Every number below was verified on 16 July 2026 against Alphabet’s SEC filings and market data — sources linked as we go.
Google’s London office. One company — two tickers on the Nasdaq. Photo: Karollyne Videira Hubert / Unsplash.
The two tickers side by side
| GOOGL | GOOG | |
|---|---|---|
| Share class | Class A | Class C |
| Voting rights | 1 vote per share | None |
| Price (15 Jul 2026 close) | $370.92 | $370.21 |
| Quarterly dividend | $0.22 | $0.22 |
| Listed on | Nasdaq | Nasdaq |
| In the S&P 500 | Yes | Yes |
| Created | Google’s 2004 IPO | April 2014 split |
There is also a Class B share you can’t buy: unlisted stock carrying 10 votes per share, held almost entirely by the founders and early insiders. It’s the reason the A/C distinction matters less than it looks — more below.
Why Alphabet has two tickers at all
In April 2014, Google executed an unusual stock split: every Class A shareholder received one new Class C share per share held. The C shares took the original ticker, GOOG; the voting A shares moved to GOOGL. The point wasn’t shareholder value — it was control. Google could keep issuing stock to employees and for acquisitions using non-voting C shares, without eroding the founders’ voting majority held in Class B.
The split came with a built-in acknowledgment that non-voting shares might be worth less: a court-approved settlement mechanism compensated Class C holders (roughly half a billion dollars’ worth in 2015) when the two prices initially diverged. Since then, the market has priced the vote at almost nothing — the gap between GOOGL and GOOG has generally stayed within a fraction of a percent, flipping direction from time to time. At yesterday’s close it was about 0.19%, with the voting share on top ($370.92 vs $370.21).
Both classes went through the 20-for-1 split in July 2022, which is why the prices look modest relative to Alphabet’s size.
The vote you’d be buying is (almost) symbolic
Here’s the number that settles most of the GOOG-vs-GOOGL debate. Per Alphabet’s 2026 proxy statement, as of April 2026 Larry Page and Sergey Brin beneficially owned about 89% of the Class B stock — roughly 52.7% of Alphabet’s total voting power (Page ~27.4%, Brin ~25.3%).
A majority is a majority: no combination of A-share votes outvotes the founders on anything they agree on. Shareholder proposals asking to equalize voting rights have been filed — and voted down — year after year, for exactly this reason. If you’re buying GOOGL for the vote, know what the vote can actually do: register a preference, not change an outcome.
That’s not an argument against GOOGL. It’s an argument that the choice barely matters, which is itself useful information when the internet insists on a debate.
Dividends, buybacks and index funds treat them the same
- Dividends: Alphabet started paying dividends in 2024 and has raised them since — the board declared $0.22 per share for Q2 2026, a 5% increase, paid identically on Class A, B and C (SEC 8-K).

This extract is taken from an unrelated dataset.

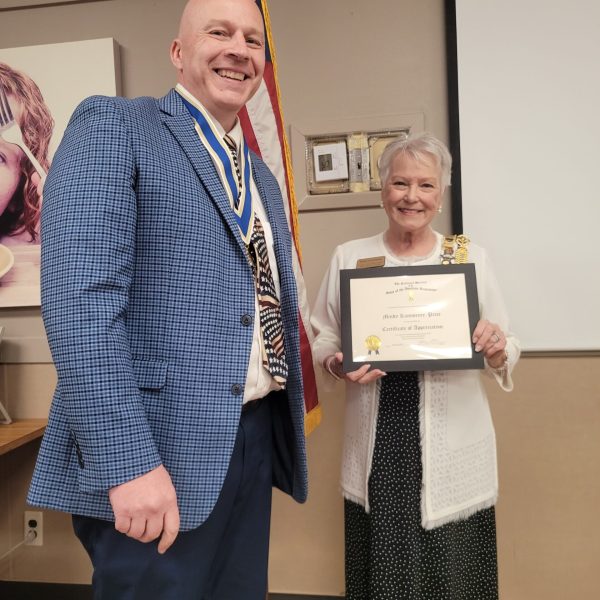April 2026 - Speaker M. Kammeyer receives Certificate of Appreciation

- Buybacks: Alphabet’s repurchase program buys back stock in both listed classes; buybacks shrink the share count and support both prices without preferring either ticker.
- Indexes: the S&P 500 carries both GOOGL and GOOG (it’s one of the reasons the index lists 503 tickers for 500 companies). If you own an S&P 500 or total-market fund, you already own both and this whole question is settled for you.
So which one should you buy?
The honest framework, in order:
- You want the theoretical governance right, or you just prefer owning the “full” share: buy GOOGL. Cost of that preference at yesterday’s close: about 0.2%.
- You want maximum value per dollar and nothing else: check both quotes at the moment you buy and take the cheaper one — historically that has often been GOOG, though the gap flips. On a $1,000 purchase, a 0.2% difference is $2; don’t overthink it.
- You hold index funds: do nothing. You own both at market weights already.
There is no scenario where the choice between the two tickers meaningfully changes your return. Alphabet’s business performance will decide that; the share class won’t.
Buying GOOG or GOOGL from outside the US — what actually costs you money
Most guides to this question are written for Americans. If you’re an expat, freelancer or investor outside the US — our usual reader — three things matter more than the A-vs-C debate:
1. File the W-8BEN before the dividend hits. Now that Alphabet pays dividends, withholding is real money: the US takes 30% of dividends by default from non-resident investors, typically reduced to 15% under most tax treaties (UK, Switzerland, Germany and most of the EU included) once your broker has a valid W-8BEN on file. Reputable international brokers collect it at signup — if yours didn’t, ask why.
2. The FX conversion is often your biggest fee. Buying a USD stock from a EUR, GBP or CHF account means converting currency, and brokers’ conversion margins vary from ~0.1% to well over 1% — frequently more than the commission and more than the entire GOOG/GOOGL price gap. It’s the same fee mechanics we track for getting paid across borders; run your amount through our true-cost calculator to see what a conversion really costs, and the statistics page for the market-wide numbers.
3. Large single-stock positions have a US estate-tax wrinkle. Non-residents holding more than $60,000 of US-situs assets can fall under US estate tax rules unless a treaty intervenes (IRS overview). For a diversified portfolio via an Irish-domiciled ETF this usually doesn’t bite; for a big direct Alphabet position it can. Not tax advice — if six figures of GOOG is in your plan, spend an hour with a cross-border tax adviser first.
If you don’t have a broker yet, eToro offers commission-free US stocks (including fractional shares) to investors in most European countries — your capital is at risk, and FX conversion fees apply on non-USD deposits, so check their current fee page against the calculator above before funding.
Bottom line
GOOGL gives you a vote that can’t change outcomes; GOOG gives you the same company about 0.2% cheaper (as of this week — the gap moves). Same dividend, same index membership, same business. Pick either, or let your index fund pick both — and if you’re buying from outside the US, put your attention where the real costs are: the W-8BEN, and the currency conversion.